Abstract

Supply chain finance aims at finding the best financing arrangements within a given buyer-supplier dyad. The source of capital can be internal (buyer or supplier) or external (financial institution) to the supply chain. So far, many studies have investigated the optimal mix of the sources of capital; our study aims at contributing to the recent literature that explores the interface of operations and finance extending the supplier-based financing models. As the Covid-19 pandemic hits economic activity, the financial constraints have ever greater importance; knock-on effects of the Covid-19 crisis urges on the critical role of a supply chain that should provide financial resources, along to the flow of goods, in the more efficient way.The proposed model considers a supply chain formed by a supplier and a retailer, both capital-constrained that can ask for a loan to a financial institution or resort on their internal reciprocal sources.
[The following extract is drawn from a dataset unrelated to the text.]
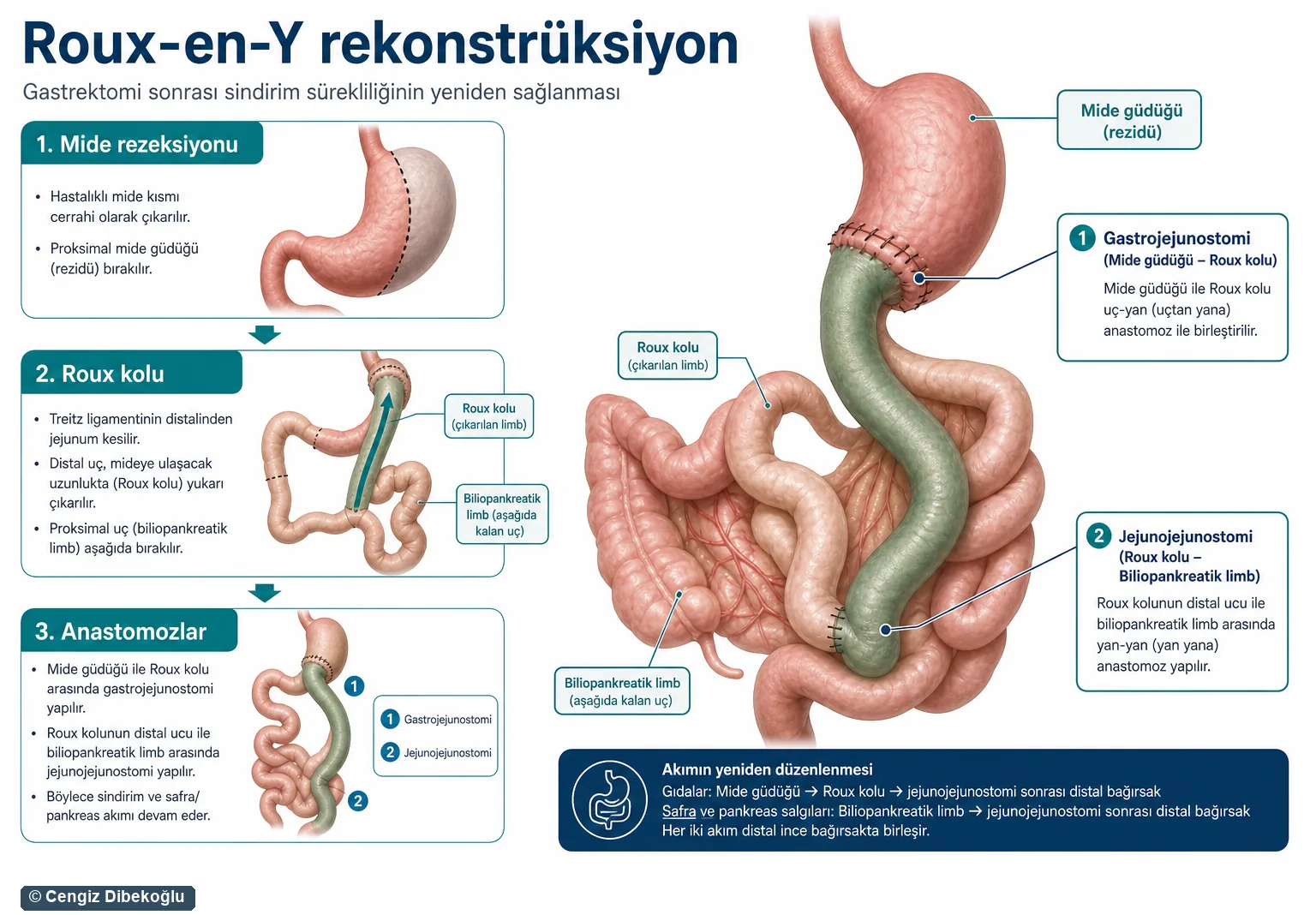 Roux-en-Y rekonstrüksiyon 3D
Demand is uncertain, retailer, that acts as a price taker, may also affect her product demand applying some effort in increasing sales. Both retailer and supplier can fail. The model optimizes the supplier and retailer's’ profit varying their contract parameters; doing this, the research allows to understand the interplay between supply chain operational and financial issues when retailer's sales effort is at work, and its findings can support retailer in the suppliers selection basing on their credit rating. Our findings show how operational (retailer's effort) and financial (trade credit conditions) issues can synergically interact also in supply chain with low working capital or conversely how retailer with high working capital can perform better working with low rating supplier, however boosting the chance to successfully compete in the Covid-19 pandemic era.